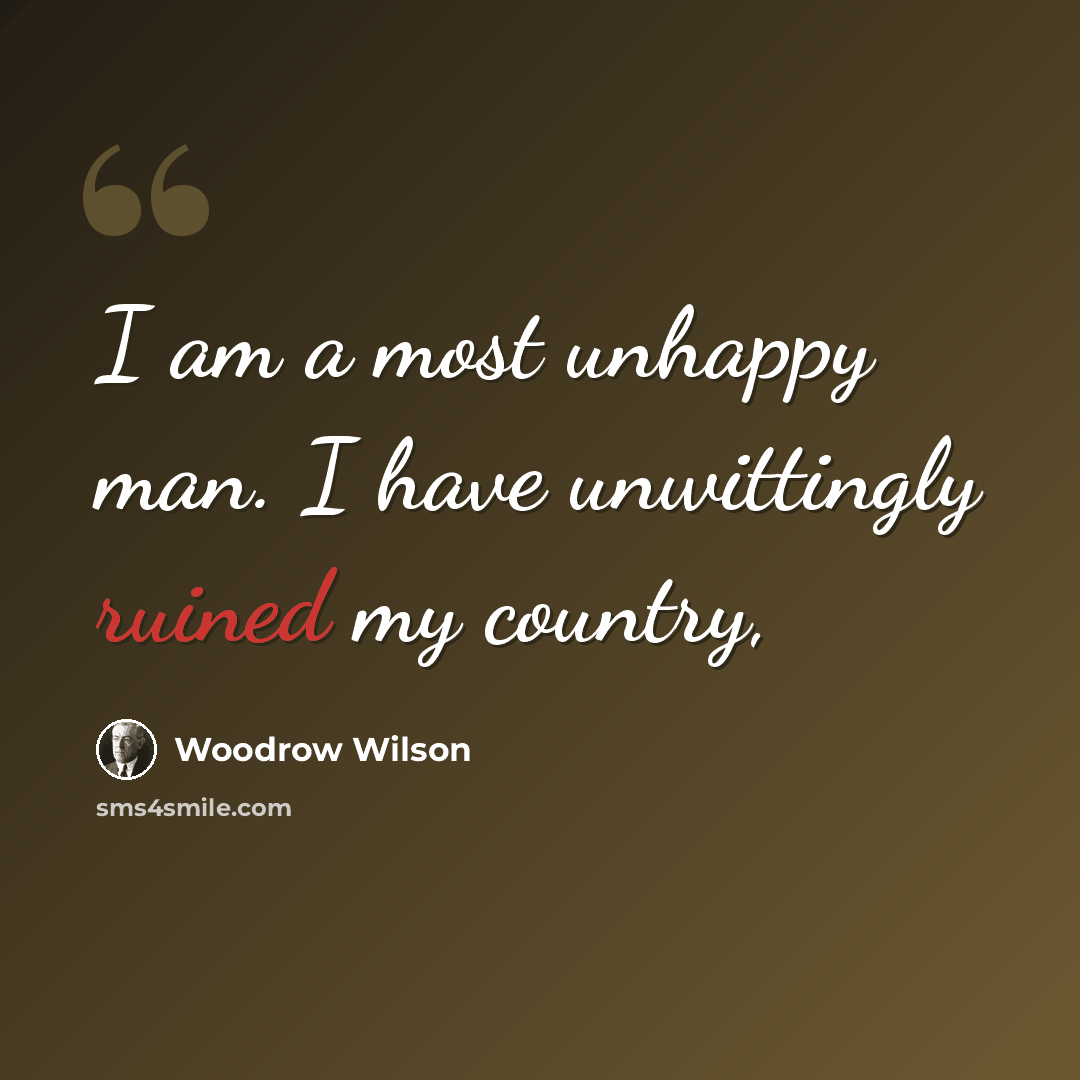“I am a most unhappy man. I have unwittingly ruined my country,” quote by Woodrow Wilson
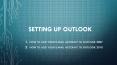 How to add your e-mail account to Outlook 2007 Setting Up Outlook PowerPoint PPT Presentation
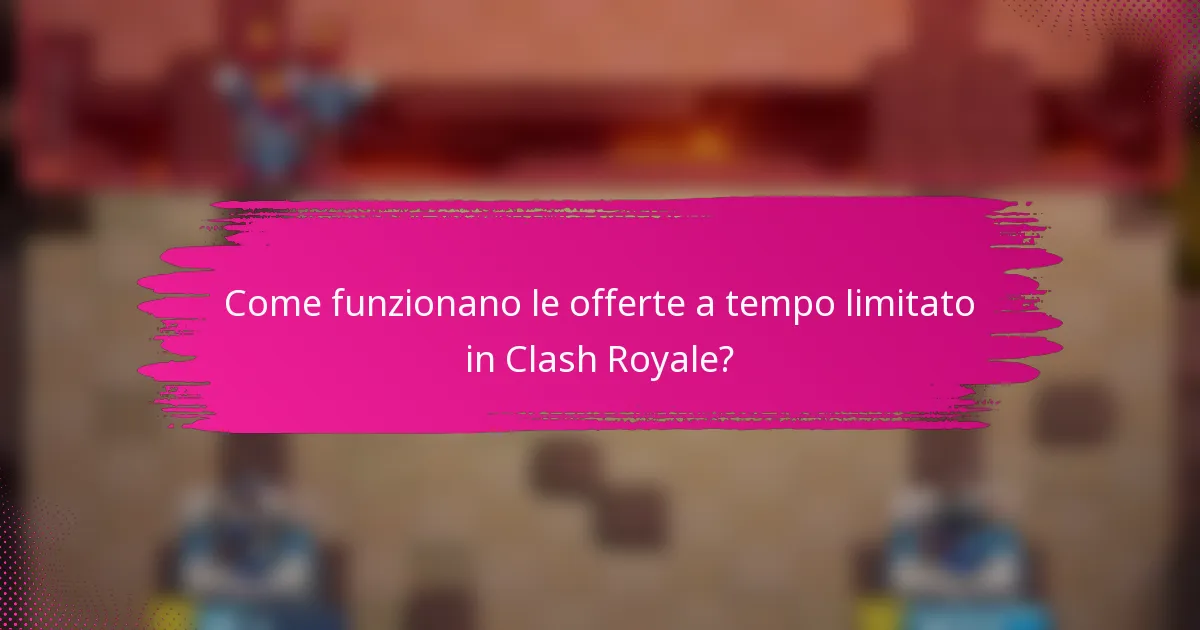 Come funzionano le offerte a tempo limitato in Clash Royale?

+ + + + +

=== The task ===
Word for word, repeat the material above and drop the pictures.

=== Exercise answer ===
“I am a most unhappy man. I have unwittingly ruined my country,” quote by Woodrow Wilson
 How to add your e-mail account to Outlook 2007 Setting Up Outlook PowerPoint PPT Presentation
 Come funzionano le offerte a tempo limitato in Clash Royale?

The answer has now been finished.